What is love?
Love is this bold, genuine, and pure feeling that I will never be able to express through words. Love is what keeps us going, it represents our motivation to pursue our dreams and to follow our hearts.
To have the propensity to love is one of the most valuable powers you can be gifted with because ultimately, love is what brings us together as human beings.
Love is when your happiness becomes your significant other's happiness or when you're never to busy for your other half. It is that unspeakable feeling you encounter when you look into someone's eyes and the only apprehensions left for you to experience are goosebumps.
But most importantly, for me, the best way I can describe love as, is YOU.
Imagine this 18-year-old rebellious boy, running around God knows what, chasing the stars and aspiring to become this undefined "thing" outlined by anything but the disseminated standards. That was me. Always eating lunch in the corner of the dining hall while reading the most underrated fiction books you could find on the highest shelves in the school's library.
Hyperactive and fearless were the two most usual words people used to describe me with. I was not even close to that idealistically pictured senior that girls appreciated and I was always deemed "weird" for my uncommon perceptions. I was not expected to show up at any young lady's door to ask her to go to the prom with me, but instead, I was expected to be that boy sitting alone in the school's yard reading my favorite Scott Sigler book while everyone else was attending their last high school dance.
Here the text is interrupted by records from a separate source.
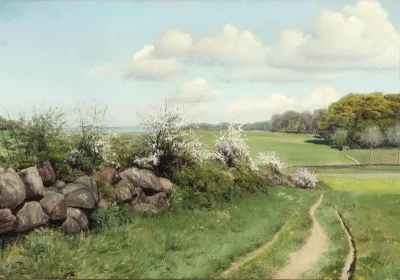 Spring landscape with blooming blackthorn.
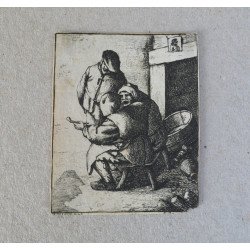 Gravura veche scena de taverna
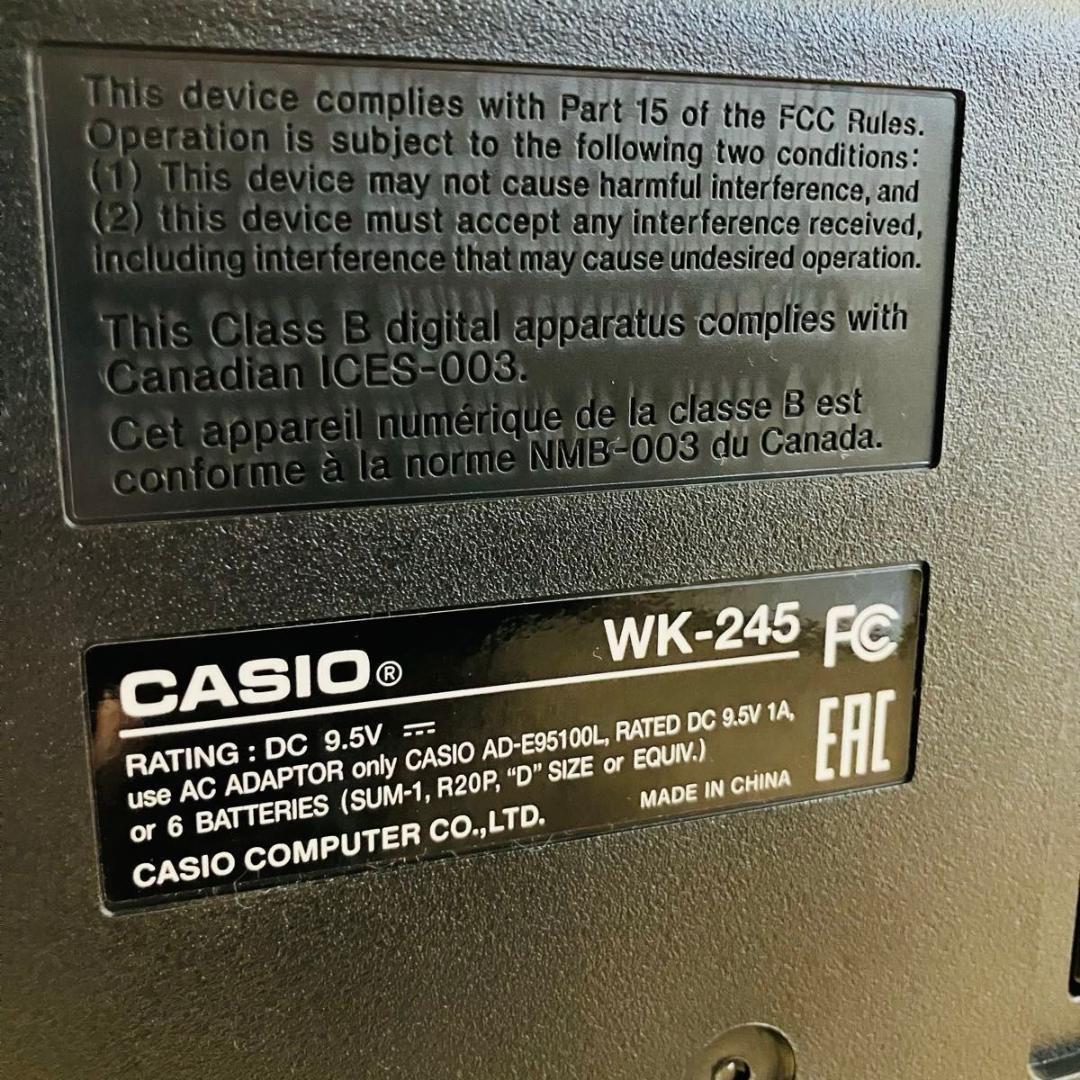【美品】CASIO 電子キーボード WK-245 動作品 カシオ 76鍵盤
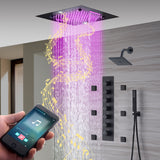 20-Inch Matte Black Rainfall, Waterfall, and Mist Shower System with LED Colors, Bluetooth Music, 6-Way Thermostatic Valve, Body Jets, and Regular Head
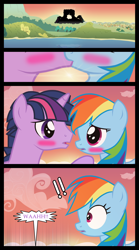 Size: 1280x2300 | Tagged: safe, artist:bigsnusnu, rainbow dash, twilight sparkle, pegasus, pony, unicorn, comic:dusk shine in pursuit of happiness, g4, blushing, cloud, comic, cute, dashabetes, dusk shine, duskabetes, exclamation point, falling, falling through clouds, female, half r63 shipping, kissing, lake, looking at each other, looking at someone, male, rule 63, ship:duskdash, ship:twidash, shipping, silhouette, stare, straight, sunset, surprised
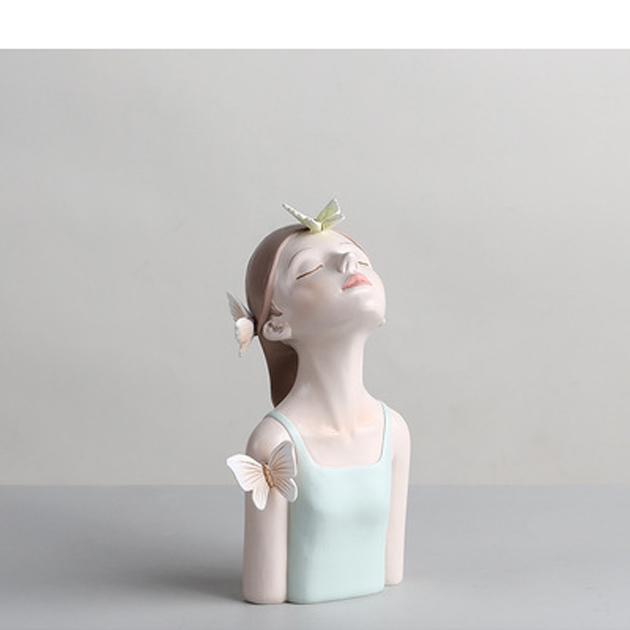 Girl Resin Sculpture Character Model Vase Modern Home Decor Living Room Bedroom Countertop Vase Gift Nordic Decor Home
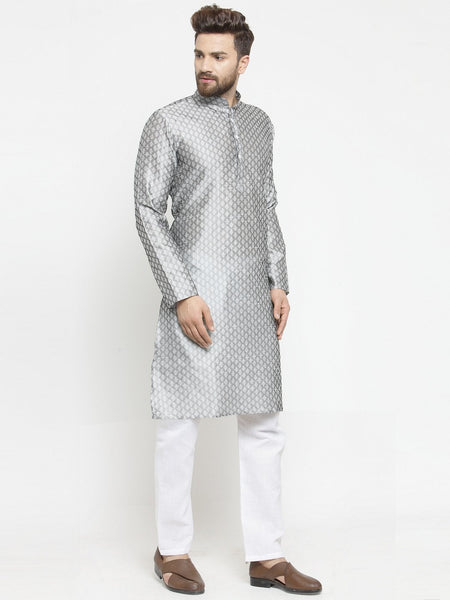 Embellished Brocade Kurta in Grey with Aligarh by Luxury at Less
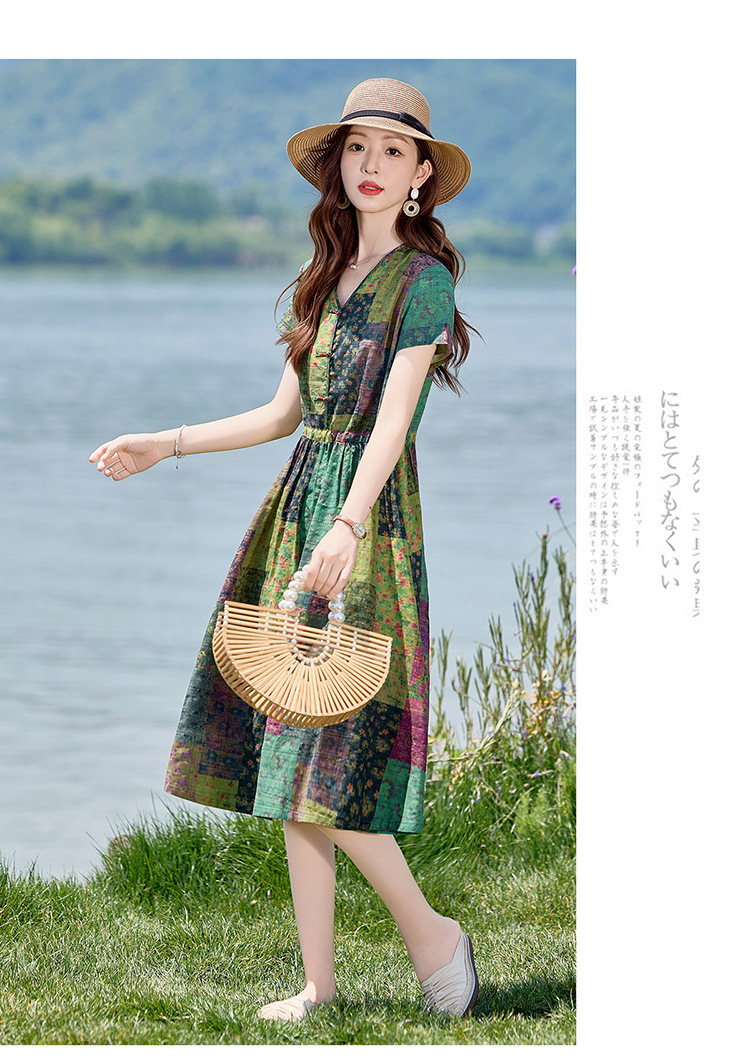 Váy ôm body dáng dài cổ chữ V in họa tiết xu hướng NI310 — Màu như hình chi tiết 17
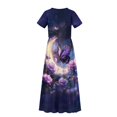 thumbnail image 6 of Uourmeti Girl's Dress Purple Butterfly Moon Print Crew Neck Short Sleeve Maxi Long Dress with Pockets Cute Flowy Holiday Outfits, Size 9-10 Years, 6 of 7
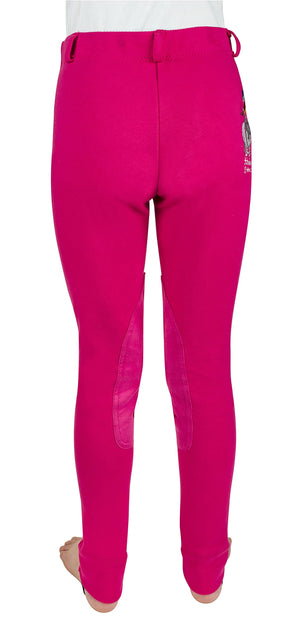 TuffRider Children's Thelwell Sweep Embroidered Pull-On Knee Patch Jods - Hot Pink - 10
I was waiting for anything new and revolutionary but not for change. I was pleased with the person I had then become. I did not care about the others' opinions, even though I was on the top of their "gossips list". I was just being myself, and `I was proud of that. I never looked for validation from anyone and I was never interested in becoming suitable for the "mass".
Because of my attitude and because of my personality I never thought I would have been accepted in anyone's life as their soulmate. But I got through with that, to the point where being a loner did not hurt anymore. I will never deny the fact that I needed that female presence in my life and that I wanted what for the others seemed so easy to get. I needed that support my father had from my mother and in need of that trust, my grandmother had in my grandfather. But I was not aware of the fact that those were my needs because I considered them fantasies that the human race had created in order to paint the pretty picture of a relationship. I did not believe in those things, at least not under those circumstances.
But my approach to accepting myself as a "loner" did not last for too long.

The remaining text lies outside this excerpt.